Hello,
I am hoping somebody with experience with plink could help. I am trying to generate plink .bim, .fam and .bed files from a .vcf (one with variants filtered out and one that keeps the variants) and have toyed around with a couple of different commands that I found on biostars posts and google.
The documentation of going from .vcf to plink files is a bit more sparse so I'd like to check with more experienced researchers here if I am proceeding correctly.

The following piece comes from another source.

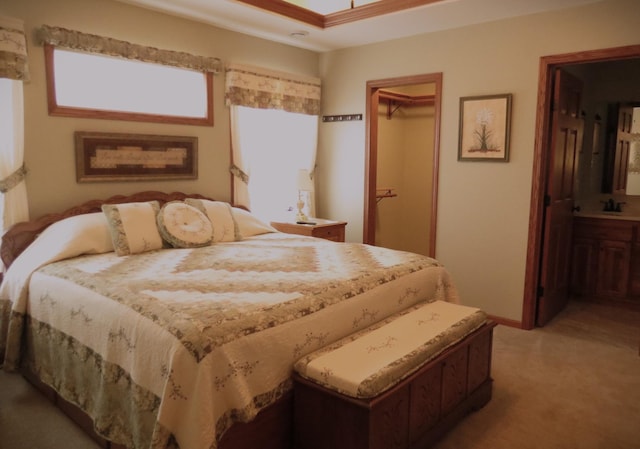 bedroom with ensuite bath, carpet flooring, sink, and a closet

My outcomes have fallen into two camps. For .fam files, a file was generated with an --allow-extra-chr flag at the end. For both the .bim and .bed files, I get an error:
Error: out.hg38NoVariants-temporary.pvar.zst has a split chromosome. Use
--make-pgen + --sort-vars to remedy this.
Below are the commands I am trying and the output/errors I am receiving. I would be very appreciative if somebody could tell me if my .fam files are correct and what to do to successfully generate all files including how exactly to use "--make-pgen" and "--sort-vars".
Are these producing the correct .fam files?
./plink2 --vcf out.hg38KeepVariants.vcf --make-just-fam --out out.hg38KeepVariants --allow-extra-chr
Writing out.hg38KeepVariants.fam ... done.
My .bed command asks to add a --allow-extra-chr flag but after adding the flag, there is an error:
./plink2 --vcf out.hg38NoVariants.vcf --make-bed --out out.hg38NoVariants
Error: Invalid chromosome code '15_KI270727v1_random' on line 382274 of --vcf
file.
(Use --allow-extra-chr to force it to be accepted.)
.... now with added --allow-extra-chr flag.
./plink2 --vcf out.hg38NoVariants.vcf --make-bed --out out.hg38NoVariants --allow-extra-chr
Error: out.hg38NoVariants-temporary.pvar.zst has a split chromosome. Use
--make-pgen + --sort-vars to remedy this.
...with or without a flag, generating a .bim file causes a problem.
./plink2 --vcf out.hg38NoVariants.vcf --make-just-bim --out out.hg38NoVariants
Error: out.hg38NoVariants.vcf has a split chromosome. Use --make-pgen +
--sort-vars to remedy this.
I've preprocessed data before but never SNP data. Again, if anybody has experience with this pipeline, I'd appreciate your help. Thank you.
Thank you. I added --allow-extra-chr and a .fam file was made. Is that output correct? ./plink2 --vcf out.hg38KeepVariants.vcf --make-just-fam --out out.hg38KeepVariants --allow-extra-chr
I then used your advice and used the command:
./plink2 --vcf out.hg38NoVariants.vcf --make-pgen --out out.hg38NoVariants --allow-extra-chr --sort-vars
...which generated a .pgen file.
I then used: ./plink2 --pfile out.hg38NoVariants --make-just-bim --out out.hg38NoVariants --allow-extra-chr
....and
./plink2 --pfile out.hg38KeepVariants --make-bed --out out.hg38KeepVariants --allow-extra-chr
...which both ran through without error. Are they correct though?